Aitch was impressed with out first stop: Luxury with Wilderness Safaris at Ndumo, grub and game drives laid on. Ice in our drinks. Boy! For an oke who usually sought compliments if the ground she had to spread her sleeping bag on was softish, I was really going big! In our luxury permanent tent on a raised wooden deck with kingsize four-poster bed, she had fun with the giraffe’s dong, saying what a decent length it was – implying something? I dunno. ‘It’s his tail,’ I said, spoil-sportingly. ‘Or her tail.’
– Ha!! said the lady – check her expression –
Magic walks among Sycamore Figs and drives among Fever Trees.
– my pic from a later visit –
So where are we going next? she asks. ‘You’ll see,’ I said airily. Hmm, she said, knowingly, raising one eyebrow but saying no more . . .
This Isuzu Trooper was magic – just the right vehicle for our Maputaland Meander. Leaving Ndumo, we drifted east to Kosi Bay and inspected the campsites (fully booked), then drove on to Kosi Bay Lodge, getting there after dark. ‘I’ll just run inside and arrange things,’ I said, optimistically.
So I walked into the lodge and came out and said, ‘We’ll just camp outside the gate, I brought a tent!’ Ha! You hadn’t booked! I knew it! Aitch announced triumphantly. She’d known all along. She actually loved it. She didn’t really mind the roughing it and the uncertainty, and she LOVED catching me out and teasing me about my disorganisation.
Afterwards, Aitch would tell people there had been a bit of muttering and a few mild imprecations erecting the unfamiliar tent, which I’d also borrowed from the Lellos. It had poles that seemed unrelated to other poles and it was dark. OK, she actually told of some cursing. Loud cursing. The air turned blue, she would exaggerate.
The next night we camped in a proper Kosi Bay campsite. They are very special sites, we love them.
We drove along the sandy track to Kosi mouth:
– fish traps in the estuary –
Then onward, southward. Where are we staying tonight?, she asked sweetly. ‘You’ll see,” I said airily. Hmm, she muttered knowingly, raising one eyebrow. Well, let me just say ONE thing: We are not staying at Mabibi. The newspapers have been full of stories about bad guys at Mabibi. ‘Izzat so?’ Yes. We can stay anywhere but Mabibi, she announced firmly, my wife.
Through bustling KwaNgwanase town . .
– Choice: Fresh chicken? or Stale, all the way from Kentucky USA? –
Now we were on my favourite road in all of South Africa: The sand roads through our vanishing coastal grasslands. Some kids shouted Lift! Lift! and hey! ubuntu! and anyway, it’s Lello’s car . . .
Well, Rocktail Bay Lodge was also full and we drove on as evening approached.
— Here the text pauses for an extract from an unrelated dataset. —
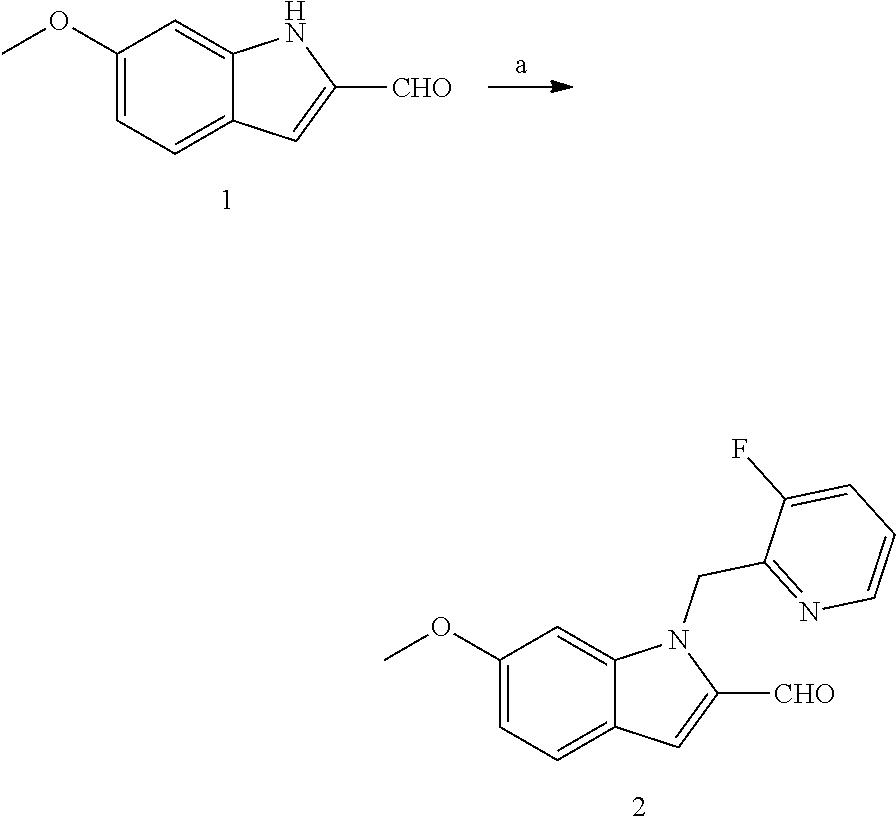 Figure US11833156-20231205-C00223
Again. The fire watchtower man had knocked off and was walking home. We stopped to ask directions, then gave him a lift so he could show us the way. He settled down into the bucket seat, pushing Aitch onto the gear lever, taking us left then right then left – straight to his village. As he got out he pointed vaguely in the direction of Mabibi. ‘You can’t miss it,’ I think he implied.
You are going to Mabibi, aren’t you? I knew it! said the all-knowing one. ‘Well, there’s nowhere else,’ I mumbled. When we got there she surprised me by saying, Let’s just sleep under the stars, I’m too tired to pitch the tent. So we did. My brave Aitch! Here she is next morning, still snoring.
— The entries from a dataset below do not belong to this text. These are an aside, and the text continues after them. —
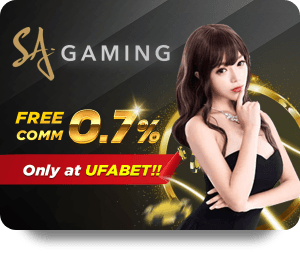 Unleashing Fun at M88 Live Studio: Join the Action Today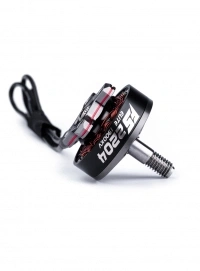 Elite FS2204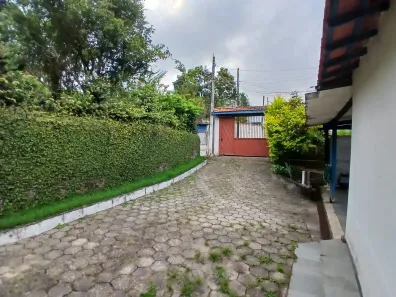Fazenda/Sítio à venda, 7000m² no Barreiro, Taubaté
Soon after we arrived a night watchman came to see us. His torch beam dropped straight out of the end of his torch onto his toes, so I gave him new batteries. He was so chuffed! A torch that worked! Those bad guys better look sharp tonight!
The next day we drove the best part of this perfect road, past Lake Sibaya.
– the Indian Ocean behind those dunes and crystal Lake Sibaya at our feet –– those pants provided croc protection –
One more night, in relative luxury, if the little wooden cabins at Sibaya camp can be honoured with such a flattering description! I think they can, but I was over-ruled.
Then we hit the ugly tarmac highway home. A very special place, is Maputaland.
On our trip up north in 2003 Aitch and five year old Jessie kept a diary; when they got home they made this picture album as a memento of the trip. Enjoy the slideshow!
(Slides change every four seconds. To pause a slide, click in the top right corner. To speed it up or to go back, swipe, or use the arrows).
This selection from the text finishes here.